_WORK ORDER_
Within the listing below, give again exactly the lines between the one containing "New Nike Revolution" and the one containing "Николай Линченко встретился", inclusive, pictures left aside.

(GIVEN DATA begins)

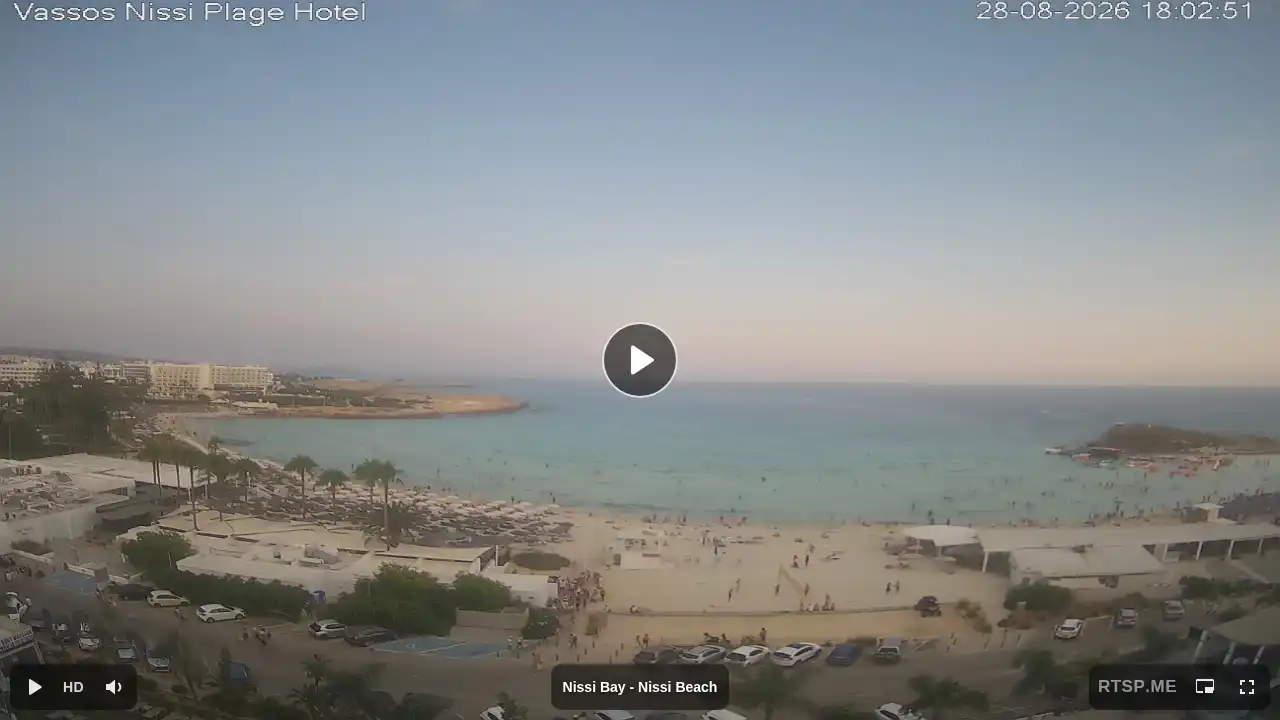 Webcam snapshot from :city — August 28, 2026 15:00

(GIVEN DATA ends)
(GIVEN DATA begins)

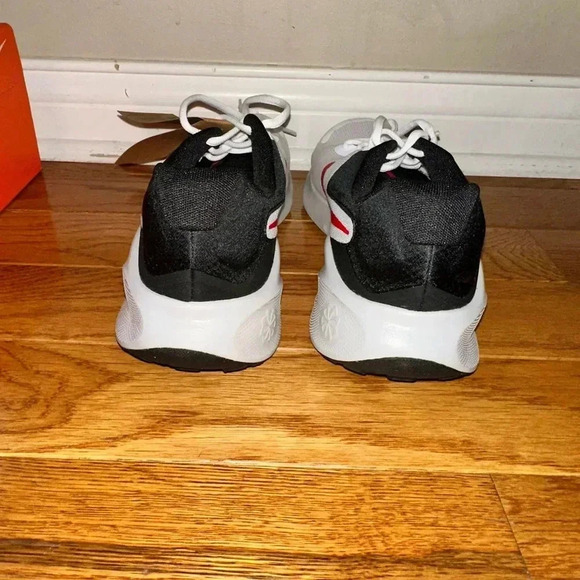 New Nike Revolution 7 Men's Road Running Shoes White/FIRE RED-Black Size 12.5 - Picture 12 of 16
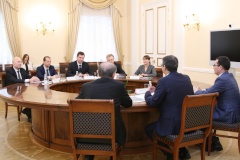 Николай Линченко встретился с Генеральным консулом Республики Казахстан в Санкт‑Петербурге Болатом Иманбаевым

(GIVEN DATA ends)

_ANSWER_
 New Nike Revolution 7 Men's Road Running Shoes White/FIRE RED-Black Size 12.5 - Picture 12 of 16
 Николай Линченко встретился с Генеральным консулом Республики Казахстан в Санкт‑Петербурге Болатом Иманбаевым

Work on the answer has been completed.